SDGs connecting local and global
“For me what I see is we are acknowledging that the work we take in our hands is too much for any one person, or any one institution or organization,” says Mwenda.
“But the SDGs can only be accomplished through multiple partnerships. Although there were some partnerships in the past, they were often limited, and I think it is time we open ourselves up to more diverse partnerships, with governments, development partners, the international community, other faith organizations, donors, private sector agencies, with communities, academia, and research institutions.”
“Yet we must also be willing to ask the difficult questions,” comments Sister Deena from the Sisters of Charity of Nazareth, president of the Catholic Health Association of India.
“A key step in moving forward is to build awareness of the SDGs among the people.
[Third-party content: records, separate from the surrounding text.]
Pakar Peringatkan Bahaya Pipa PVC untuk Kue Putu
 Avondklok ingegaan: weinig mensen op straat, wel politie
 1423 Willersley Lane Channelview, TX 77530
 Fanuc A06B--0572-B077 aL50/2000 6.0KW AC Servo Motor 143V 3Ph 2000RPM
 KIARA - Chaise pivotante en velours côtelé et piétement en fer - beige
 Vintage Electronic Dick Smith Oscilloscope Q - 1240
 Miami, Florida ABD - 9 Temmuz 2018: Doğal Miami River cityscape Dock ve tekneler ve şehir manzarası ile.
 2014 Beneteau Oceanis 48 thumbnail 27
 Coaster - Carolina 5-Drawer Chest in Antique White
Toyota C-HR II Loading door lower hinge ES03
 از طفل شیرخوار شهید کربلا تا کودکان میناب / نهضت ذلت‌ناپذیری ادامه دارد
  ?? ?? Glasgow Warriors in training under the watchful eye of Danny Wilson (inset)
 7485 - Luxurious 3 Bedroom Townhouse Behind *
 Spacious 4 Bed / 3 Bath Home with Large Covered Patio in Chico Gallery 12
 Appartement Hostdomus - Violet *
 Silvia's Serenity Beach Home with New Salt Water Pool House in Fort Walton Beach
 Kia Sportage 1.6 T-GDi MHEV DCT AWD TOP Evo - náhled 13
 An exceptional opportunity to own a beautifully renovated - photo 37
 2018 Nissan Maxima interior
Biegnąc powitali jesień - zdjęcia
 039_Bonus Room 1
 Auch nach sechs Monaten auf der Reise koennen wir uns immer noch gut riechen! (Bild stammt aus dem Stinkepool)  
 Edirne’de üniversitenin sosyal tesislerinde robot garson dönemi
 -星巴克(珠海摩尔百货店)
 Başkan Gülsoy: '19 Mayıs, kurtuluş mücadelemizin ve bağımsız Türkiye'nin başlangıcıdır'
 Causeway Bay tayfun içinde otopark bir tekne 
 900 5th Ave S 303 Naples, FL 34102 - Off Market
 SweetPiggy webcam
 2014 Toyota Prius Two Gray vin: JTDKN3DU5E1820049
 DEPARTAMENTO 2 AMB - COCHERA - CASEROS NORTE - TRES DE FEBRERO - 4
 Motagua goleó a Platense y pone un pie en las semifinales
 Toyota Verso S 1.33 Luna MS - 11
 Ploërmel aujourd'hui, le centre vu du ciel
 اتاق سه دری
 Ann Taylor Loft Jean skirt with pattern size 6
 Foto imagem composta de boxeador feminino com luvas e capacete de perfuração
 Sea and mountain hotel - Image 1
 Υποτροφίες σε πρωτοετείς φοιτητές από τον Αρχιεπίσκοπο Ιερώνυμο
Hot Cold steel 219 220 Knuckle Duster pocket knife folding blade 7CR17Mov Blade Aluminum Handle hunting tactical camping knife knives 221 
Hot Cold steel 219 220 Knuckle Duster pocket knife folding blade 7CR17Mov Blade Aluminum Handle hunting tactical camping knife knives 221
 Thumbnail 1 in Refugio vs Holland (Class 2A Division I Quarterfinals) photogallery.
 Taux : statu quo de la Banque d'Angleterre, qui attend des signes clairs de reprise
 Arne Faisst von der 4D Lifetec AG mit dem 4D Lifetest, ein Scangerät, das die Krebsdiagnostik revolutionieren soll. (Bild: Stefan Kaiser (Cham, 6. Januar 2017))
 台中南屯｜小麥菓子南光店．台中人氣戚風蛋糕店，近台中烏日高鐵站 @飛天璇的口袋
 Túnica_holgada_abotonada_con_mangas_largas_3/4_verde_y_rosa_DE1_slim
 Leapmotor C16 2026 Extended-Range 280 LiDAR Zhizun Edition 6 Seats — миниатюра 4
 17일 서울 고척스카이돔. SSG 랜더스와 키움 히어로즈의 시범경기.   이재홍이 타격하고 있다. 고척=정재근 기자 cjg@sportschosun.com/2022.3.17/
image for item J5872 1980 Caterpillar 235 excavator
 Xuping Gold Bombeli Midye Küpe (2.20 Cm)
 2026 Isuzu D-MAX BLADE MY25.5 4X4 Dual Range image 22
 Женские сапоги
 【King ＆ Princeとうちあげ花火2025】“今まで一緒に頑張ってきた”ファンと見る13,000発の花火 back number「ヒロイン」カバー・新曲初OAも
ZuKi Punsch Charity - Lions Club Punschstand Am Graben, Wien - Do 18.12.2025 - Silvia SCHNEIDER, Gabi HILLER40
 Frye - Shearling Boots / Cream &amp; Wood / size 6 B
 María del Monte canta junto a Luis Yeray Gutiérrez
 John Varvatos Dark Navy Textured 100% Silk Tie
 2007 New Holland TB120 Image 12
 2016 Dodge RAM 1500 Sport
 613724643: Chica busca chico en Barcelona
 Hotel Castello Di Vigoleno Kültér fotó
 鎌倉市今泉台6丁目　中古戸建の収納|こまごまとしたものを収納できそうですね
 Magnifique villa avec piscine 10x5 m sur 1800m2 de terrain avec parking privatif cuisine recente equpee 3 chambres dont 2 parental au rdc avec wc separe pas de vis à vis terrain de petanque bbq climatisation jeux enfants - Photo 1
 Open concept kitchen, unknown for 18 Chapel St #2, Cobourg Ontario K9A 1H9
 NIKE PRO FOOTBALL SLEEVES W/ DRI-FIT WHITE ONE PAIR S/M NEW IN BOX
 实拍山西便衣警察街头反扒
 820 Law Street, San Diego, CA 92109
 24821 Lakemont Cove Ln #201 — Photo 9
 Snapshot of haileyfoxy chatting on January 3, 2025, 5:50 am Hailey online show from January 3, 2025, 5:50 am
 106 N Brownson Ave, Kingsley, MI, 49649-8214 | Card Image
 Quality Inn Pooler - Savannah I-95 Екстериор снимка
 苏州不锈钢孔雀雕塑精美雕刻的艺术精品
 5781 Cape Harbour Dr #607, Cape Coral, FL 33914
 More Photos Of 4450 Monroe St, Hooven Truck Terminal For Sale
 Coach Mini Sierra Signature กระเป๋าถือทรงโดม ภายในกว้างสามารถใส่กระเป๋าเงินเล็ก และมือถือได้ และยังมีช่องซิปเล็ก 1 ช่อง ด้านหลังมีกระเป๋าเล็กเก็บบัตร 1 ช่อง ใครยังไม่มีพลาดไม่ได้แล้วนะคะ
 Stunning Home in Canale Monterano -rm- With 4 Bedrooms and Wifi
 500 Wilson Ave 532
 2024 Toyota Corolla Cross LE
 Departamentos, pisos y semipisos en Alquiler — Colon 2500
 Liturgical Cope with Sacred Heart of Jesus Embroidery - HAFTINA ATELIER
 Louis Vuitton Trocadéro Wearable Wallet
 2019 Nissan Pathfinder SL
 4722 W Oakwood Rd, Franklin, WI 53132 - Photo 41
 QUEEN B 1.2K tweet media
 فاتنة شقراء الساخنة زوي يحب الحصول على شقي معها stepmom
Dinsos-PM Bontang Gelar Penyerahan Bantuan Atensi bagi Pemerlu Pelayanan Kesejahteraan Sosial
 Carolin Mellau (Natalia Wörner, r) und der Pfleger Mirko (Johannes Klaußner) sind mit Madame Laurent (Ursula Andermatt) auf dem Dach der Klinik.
And in the Indian context, I see we work towards the SDGs in the health sector, but a lot of people are not really aware of the goals most of the time.”
“So how far have we come with the grassroots? That is my question. Are the people of Africa aware of all these things, and to what extent are we reaching out to them? That is a painful question for each and each every one of us. But how else can we connect the grassroots all the way to the international community?” Deena asks.
Sister Clara Rakhomo, hospital administrator at Paray Mission Hospital in Thaba-Tseka, Lesotho, comments, “I work in a facility that is right in the mountains, and where the geography itself is a challenge. For a person to reach the hospital, they have to travel long distances.”
“But the church itself in this ministry has to have a coordinated approach, to make sure we can reach each and every person, especially those in need in remote areas.”
“We often say that together we can achieve, while alone it is not so easy. In our experience, through collaborations in the Christian Health Association of Lesotho we have seen that it is only through strong partnerships that we are able to respond to the needs of our people,” Rakhomo says.
Sichinga concludes, “ACHAP is now ten years old. It may be a young organisation, but over ten years we have matured, and one thing we have learnt is that we must listen very carefully to the communities, if we want to truly understand what is needed in each context.”
“We hope we will soon gain stronger recognition by instances such as the WHO, so we can connect and share our experience and knowledge of local communities’ needs at the global level.”
*Albin Hillert is a WCC photographer, writer and communications consultant based in Stockholm, Sweden.